五輪開催で「被害者ゼロ」が狙いの強引な切り捨て!

▼五輪開催で「被害者ゼロ」が狙いの強引な切り捨て!



 安倍政権と福島県は来年の東京五輪開催を前に「被害者ゼロ」に見せかけるのが狙いで、強引な切り捨て策を強行している。原発被災者たちはこう憤った。

 裁判には勝ったものの、先の暮らしの見通しは立っていない。

**********************

 横浜地裁は先月20日、福島原発事故による被害者175人を原告とする訴訟で、国と東電に対して法的な責任を認めた。

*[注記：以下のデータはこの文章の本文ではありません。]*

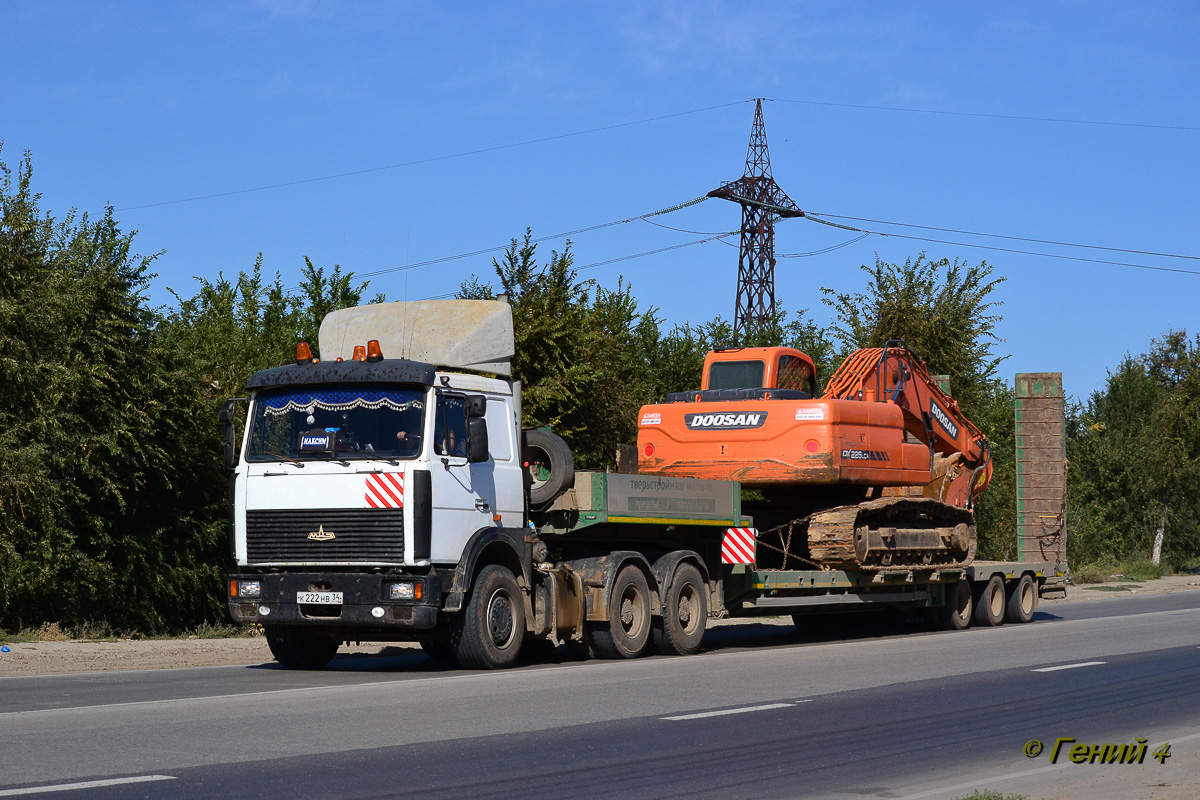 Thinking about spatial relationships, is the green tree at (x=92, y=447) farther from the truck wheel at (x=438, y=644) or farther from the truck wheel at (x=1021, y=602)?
the truck wheel at (x=1021, y=602)

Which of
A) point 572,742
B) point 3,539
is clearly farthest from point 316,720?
point 3,539

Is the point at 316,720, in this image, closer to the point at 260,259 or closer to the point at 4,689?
the point at 4,689

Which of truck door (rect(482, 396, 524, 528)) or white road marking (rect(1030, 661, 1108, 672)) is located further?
truck door (rect(482, 396, 524, 528))

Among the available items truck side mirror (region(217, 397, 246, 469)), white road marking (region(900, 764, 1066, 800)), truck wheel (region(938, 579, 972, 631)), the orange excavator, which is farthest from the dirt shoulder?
white road marking (region(900, 764, 1066, 800))

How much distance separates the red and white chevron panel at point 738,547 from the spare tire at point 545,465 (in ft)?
9.73

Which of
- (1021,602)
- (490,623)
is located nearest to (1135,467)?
(1021,602)

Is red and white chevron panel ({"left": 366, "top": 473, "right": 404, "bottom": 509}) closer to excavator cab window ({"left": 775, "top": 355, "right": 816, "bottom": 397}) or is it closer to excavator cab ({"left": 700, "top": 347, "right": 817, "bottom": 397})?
excavator cab ({"left": 700, "top": 347, "right": 817, "bottom": 397})

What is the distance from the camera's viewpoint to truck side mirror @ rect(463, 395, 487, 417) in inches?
547

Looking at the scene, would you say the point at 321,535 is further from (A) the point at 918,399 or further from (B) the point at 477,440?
(A) the point at 918,399

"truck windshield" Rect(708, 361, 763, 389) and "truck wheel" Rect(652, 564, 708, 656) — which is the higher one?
"truck windshield" Rect(708, 361, 763, 389)

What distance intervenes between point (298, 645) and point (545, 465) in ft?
11.3

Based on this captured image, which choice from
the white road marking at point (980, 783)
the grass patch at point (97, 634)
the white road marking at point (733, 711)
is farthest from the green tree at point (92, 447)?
the white road marking at point (980, 783)

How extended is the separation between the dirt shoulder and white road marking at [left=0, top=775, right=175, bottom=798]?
7274 mm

 福島原発かながわ訴訟原告団団長の村田弘さん(76)は判決後に、「まずまず良かった。私たちは生活の基盤がなくなっているし、やっぱり国の責任ですよ」と語った。

 とはいえ、放射能に汚染された「ふるさと」と被害者の生活再建は進んでおらず、「今月末に避難者の民間賃貸住宅の家賃補助を一気に打ち切り、公営住宅から追い出すという被害者の切り捨てが進んでいる」と憤る。

 村田さんは2003年に朝日新聞社を退職。南相馬市の妻の実家を改築し、移住した。村田さんにとっても南相馬は、小学生から高校生まで生活した故郷だ。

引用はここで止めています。